— Problem requirements —
Give again exactly the lines that run from the start of the records to the line holding "Welcome back to", both ends counted. Do not include the pictures.

— Input data —
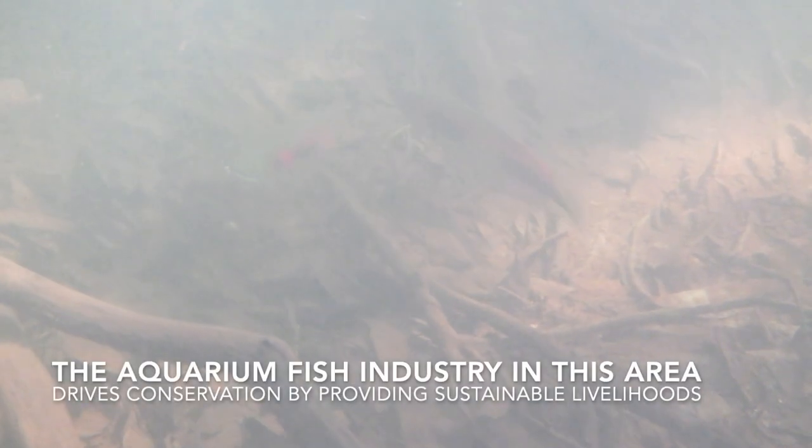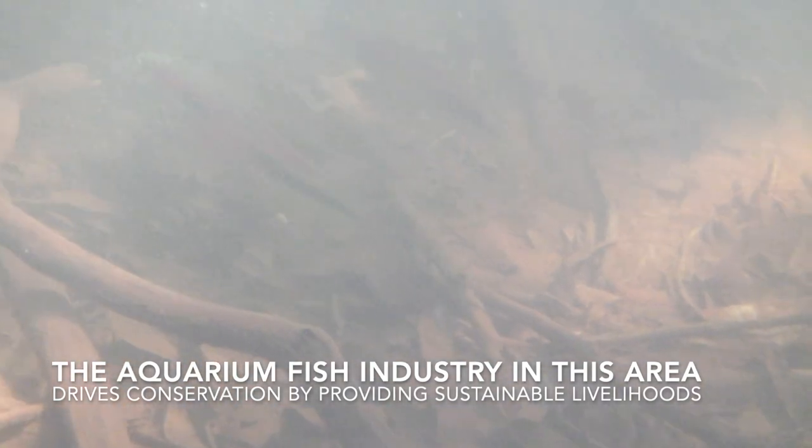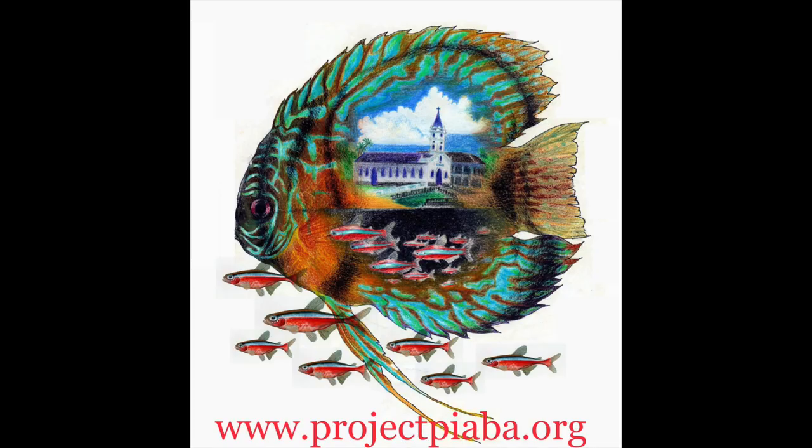These are some species of Leporinus — again I have my guess, but with 84 described species that I don't know very well or have great photos for, it would just be a guess, so let's just call them cool fish. It's important to note that this area supports a large variety of aquarium fish, and their gentle capture provides sustainable livelihoods.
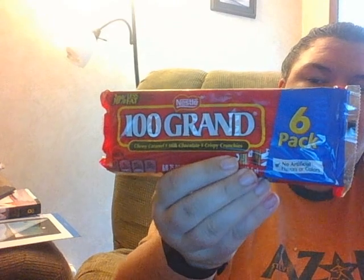I got some 100 Grand chocolate. I know I've had these before but it's been a long time, so I thought I'd give those a try.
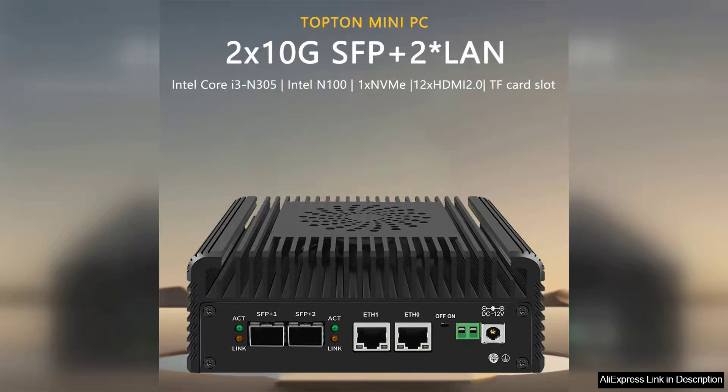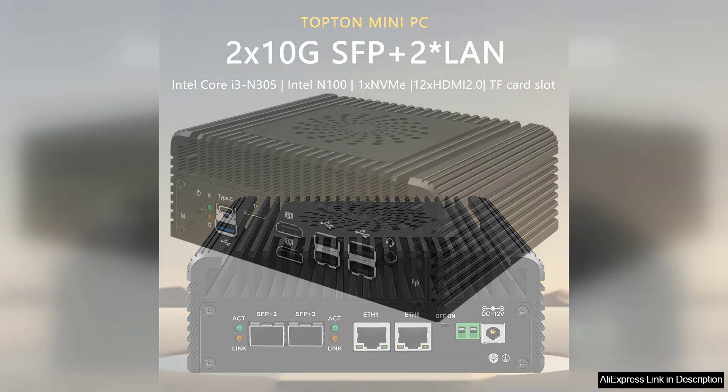The Intel i3-N355/N305/N150/N100 soft router is a versatile mini PC that brings impressive performance to network management and firewall protection. Powered by Intel's 12th gen architecture, this device effectively balances power and efficiency, making it an excellent choice for home and small business networks.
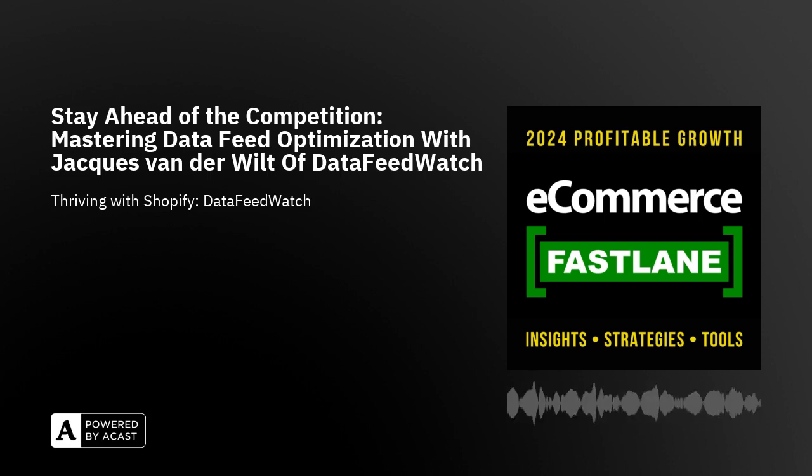Welcome back to eCommerce Fastlane. I'm your host Steve Hutt. Today I have the privilege of speaking with Jacques Vanderwilt, who's the founder and CEO of a company called Data Feed Watch. They've been recently acquired by cart.com. They're making significant strides in the Shopify ecosystem with their innovative solution to help manage and optimize product feeds for Shopify stores and other retailers.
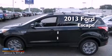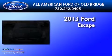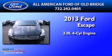This is a brand new 2013 Ford Escape. It has a 2.0-liter four-cylinder engine, an automatic transmission, and four-wheel drive.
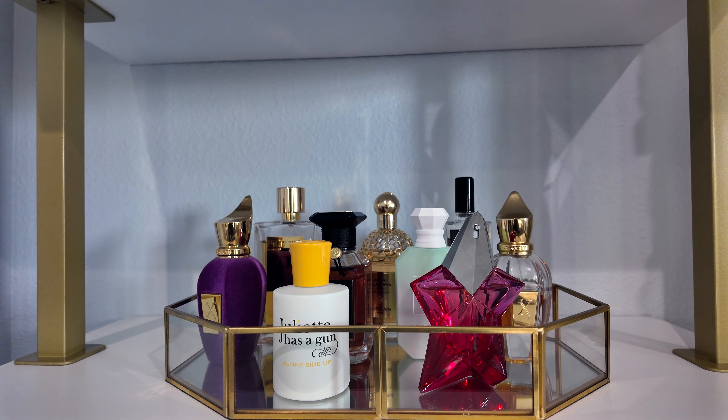In today's video, we'll be doing a recap of my June fragrance tray, and I'll be sharing with you my July fragrance tray. So if you're interested, just keep watching.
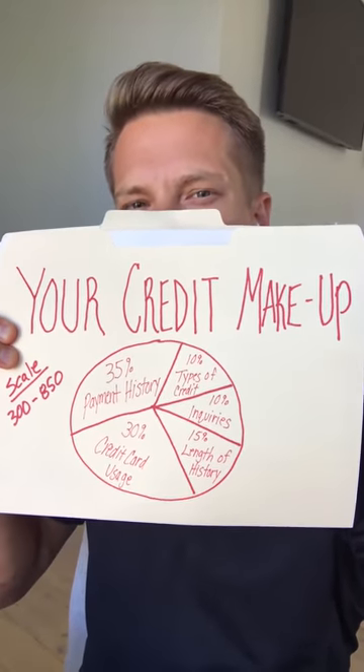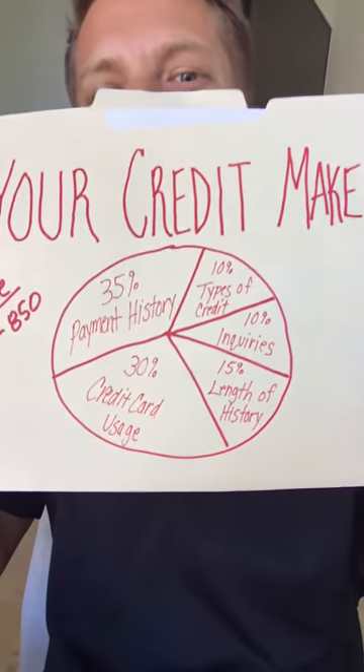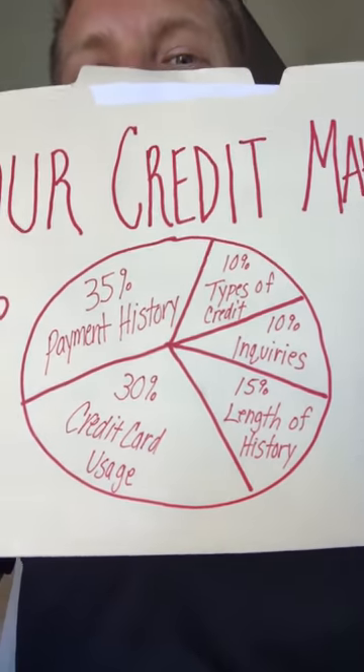Hey, what's up credit movement community? It's Ryan and I'm excited to talk to you about the components of your credit score. What goes into your credit score? I'm going to break each of these down over the next five videos, but today I just want to brief you on what those five components of your score are.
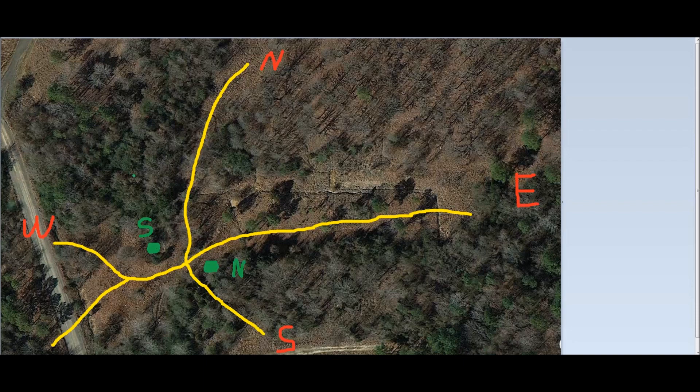This green dot with the 'S' by it is the south stand, for hunting with a south wind. If the wind is coming out of the south — say it's coming due south — it carries our scent up into this area up here. Deer could be there at some point because there are other deer trails, but the deer walking on these yellow trails would not smell us with a due-south wind, because our scent is going up into this area where I made the blue scribbling.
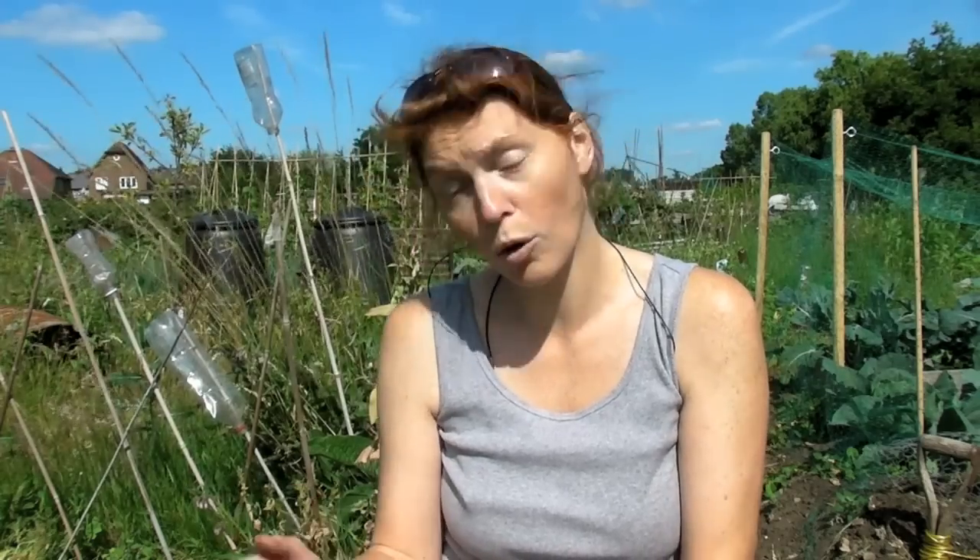You can leave them in, or you can pick them as and when you need them, which is most probably what I will do now. I will take a few home, enough to last a certain amount of time, and I will pick them as and when. But if the tops have gone brown and they're ready to pick, I suggest that you pick them.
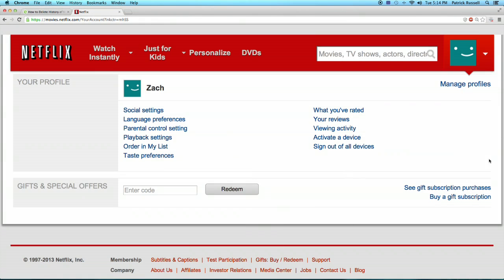So here I am in my account. I access that just by going up here once I logged in and hitting your account.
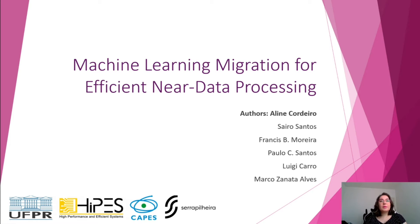Hello, my name is Aline. I've been studying topics about computer architecture for my master's at Federal University of Paraná. And today I'm going to present part of my research called Machine Learning Migration for Efficient Near Data Processing.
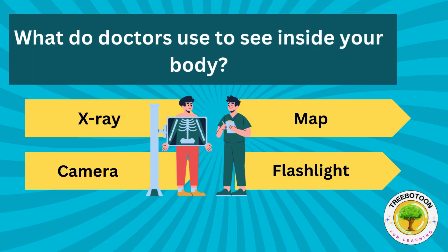What do doctors use to see inside your body? X-ray, map, camera or flashlight?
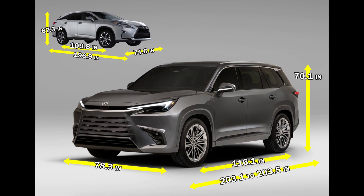When comparing vehicle size, the TX versus the RX-L — both with three rows — the TX is 203.1 to 203.5 inches in length compared to the RX-L's 196.9 inches, so about 6 inches longer. In width, 78.3 inches for the TX versus 74.6 inches for the RX-L — about 3 inches wider. And in height, 70.1 inches for the TX compared to 67.3 for the RX-L — almost 3 more inches.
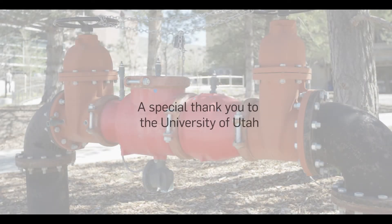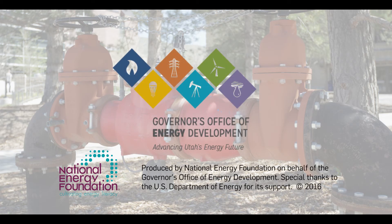Lead by example in your own community by installing a geothermal heat pump system to heat and cool your home sustainably, just like at the U of U.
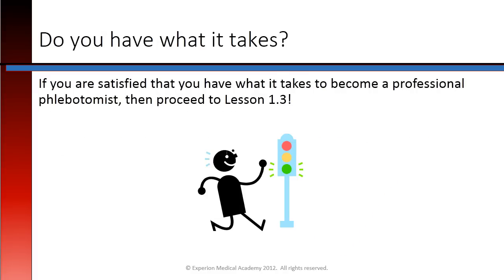Do you have what it takes? If you're satisfied that you have what it takes to become a professional phlebotomist, then proceed to Lesson 1.3.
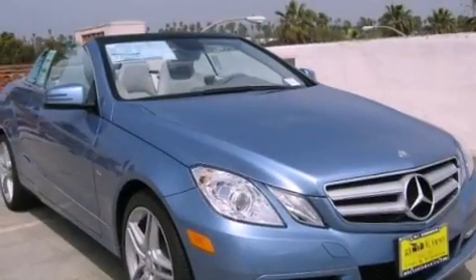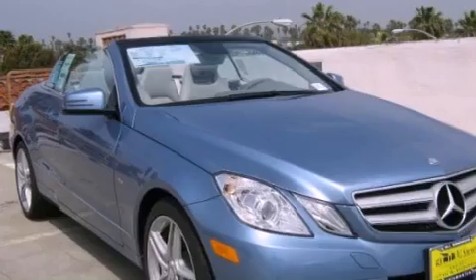With an EPA estimated rating of 28 miles per gallon on the highway, this vehicle is clearly a fuel-efficient choice.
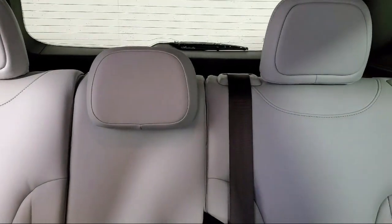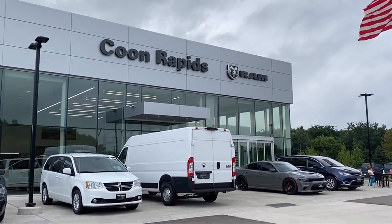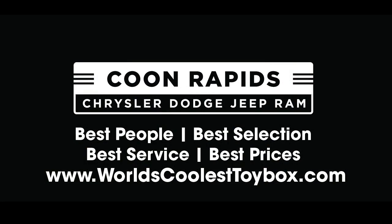We'll see you in the next vehicle. Coon Rapids Chrysler Dodge Ram.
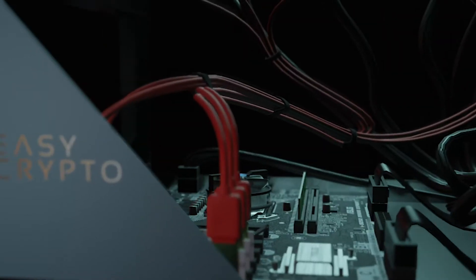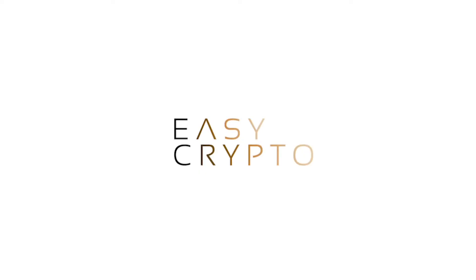How much electric does one of our devices use? This is another really common question that we get asked. I've heard they use loads of electric — they're dead consuming, it's going to cost you a fortune. Well, a lot of those misconceptions come from the Bitcoin mining sector rather than the GPU sector.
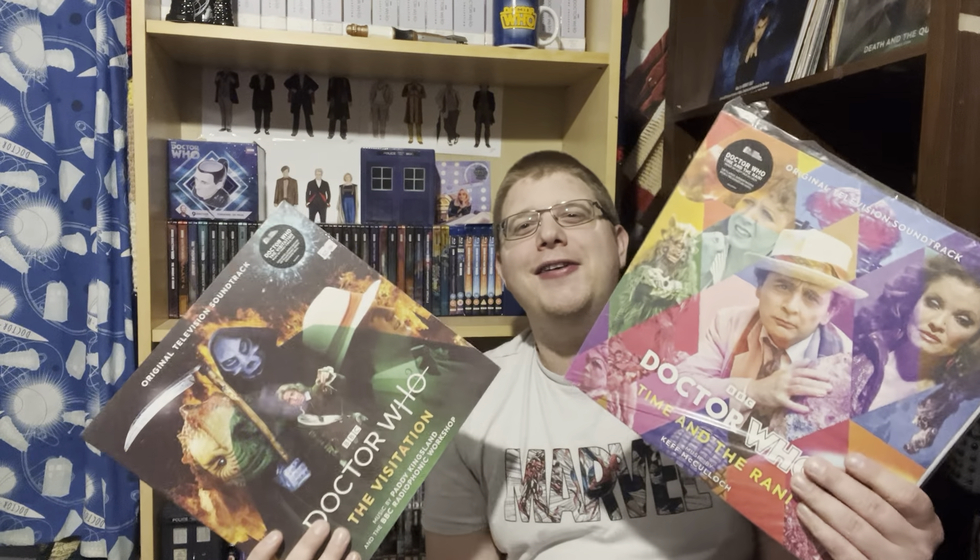I've got one of the ties and the Tennant-wear is coming through as well. Today I have a fantastic unboxing because I've not got one but two Doctor Who vinyls - one starring Sylvester McCoy and the other Peter Davison. I'm going to go through these in Doctor's orders, starting with The Visitation first, which is honestly my favourite story from Season 19.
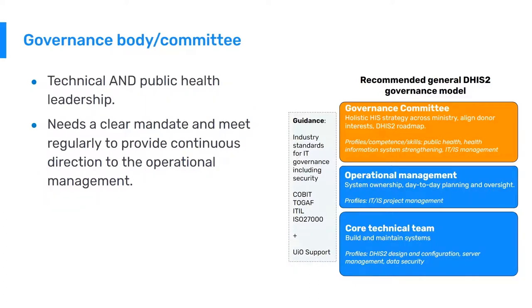This committee should have members with competence in both technical and public health leadership. Most importantly, they need a clear mandate to make decisions and to meet regularly to provide continuous direction to the operational management.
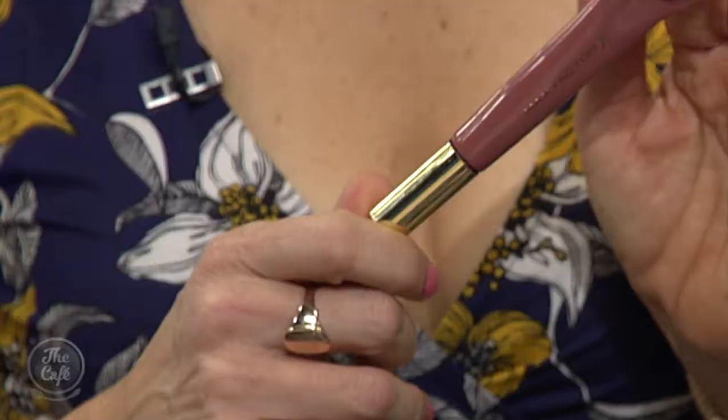Lip pencil or no pencil? If I wear a lip pencil, I put it all over my lip — not just on the outside. Because the minute you put a ring around your lips and then add colour and eat or drink something, you've got a really unattractive big ring around the outside of your lips. Make sure if you're going to use lip liner you put it over the entire lip area and then apply the colour, and that way you don't get that nasty ring.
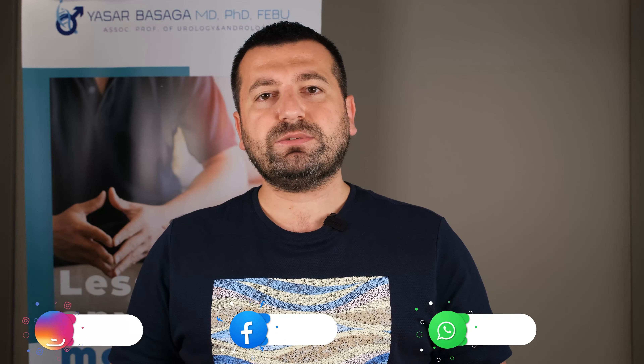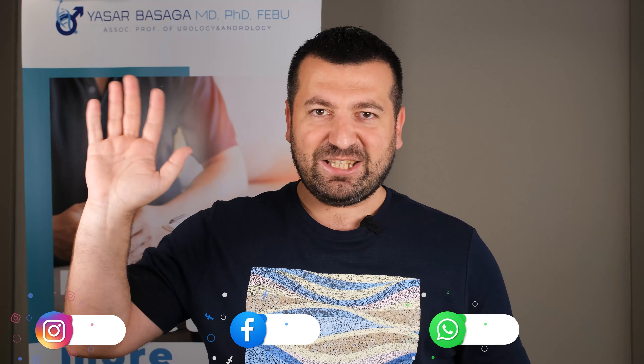It's a safe material. If you want to have a durable penile girth enhancement, you can contact me directly with this number. See you, bye bye.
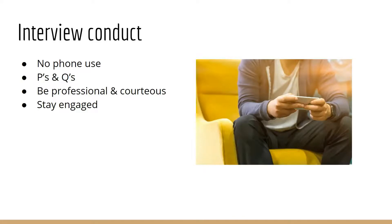Pretty standard, but be on your P's and Q's. Say please, thank you, ma'am, sir — just keep it professional and courteous. Even if the person interviewing you is casual, or the employees who pop in are really casual, just remember you haven't been hired yet. So keep it professional and courteous.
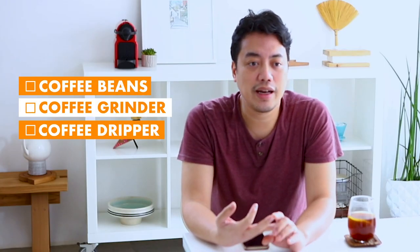I'm not a coffee expert. I don't have a lot of fancy equipment, but I do have a lot of very common and very easy to use ones that you might already have as well. I have the beans, I have the coffee grinder, I have the coffee dripper, and a moka pot.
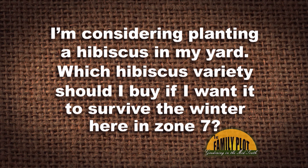I'm considering planting a hibiscus in my yard. Which hibiscus variety should I buy if I wanted it to survive the winter here in Zone 7? This question is from Karen Natoka, directed at you, Joellen.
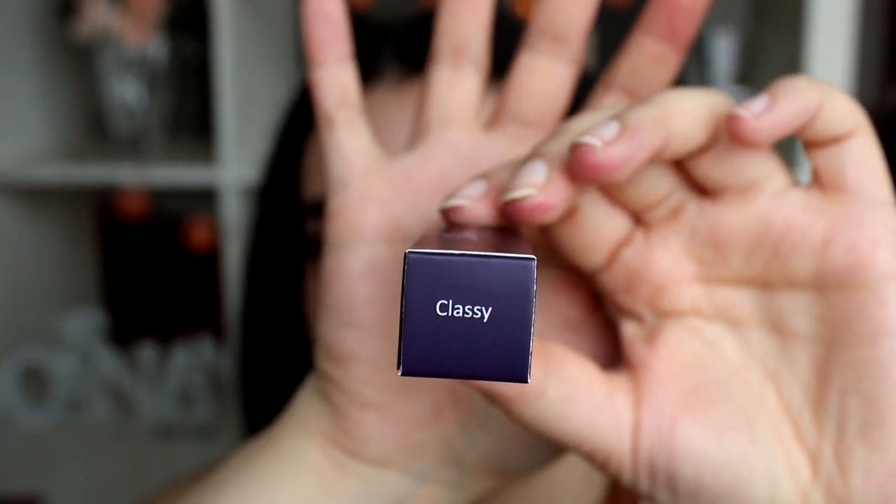The next shade is called Classy. I forgot about this one, you guys — this is so beautiful. Oh my gosh, I'm glad I picked it. So let's put this on. This looks like me, you guys, this looks perfect. So let's pop that on.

— Result of this task —
These are some species of Leporinus — again I have my guess, but with 84 described species that I don't know very well or have great photos for, it would just be a guess, so let's just call them cool fish. It's important to note that this area supports a large variety of aquarium fish, and their gentle capture provides sustainable livelihoods.
I got some 100 Grand chocolate. I know I've had these before but it's been a long time, so I thought I'd give those a try.
The Intel i3-N355/N305/N150/N100 soft router is a versatile mini PC that brings impressive performance to network management and firewall protection. Powered by Intel's 12th gen architecture, this device effectively balances power and efficiency, making it an excellent choice for home and small business networks.
Welcome back to eCommerce Fastlane. I'm your host Steve Hutt. Today I have the privilege of speaking with Jacques Vanderwilt, who's the founder and CEO of a company called Data Feed Watch. They've been recently acquired by cart.com. They're making significant strides in the Shopify ecosystem with their innovative solution to help manage and optimize product feeds for Shopify stores and other retailers.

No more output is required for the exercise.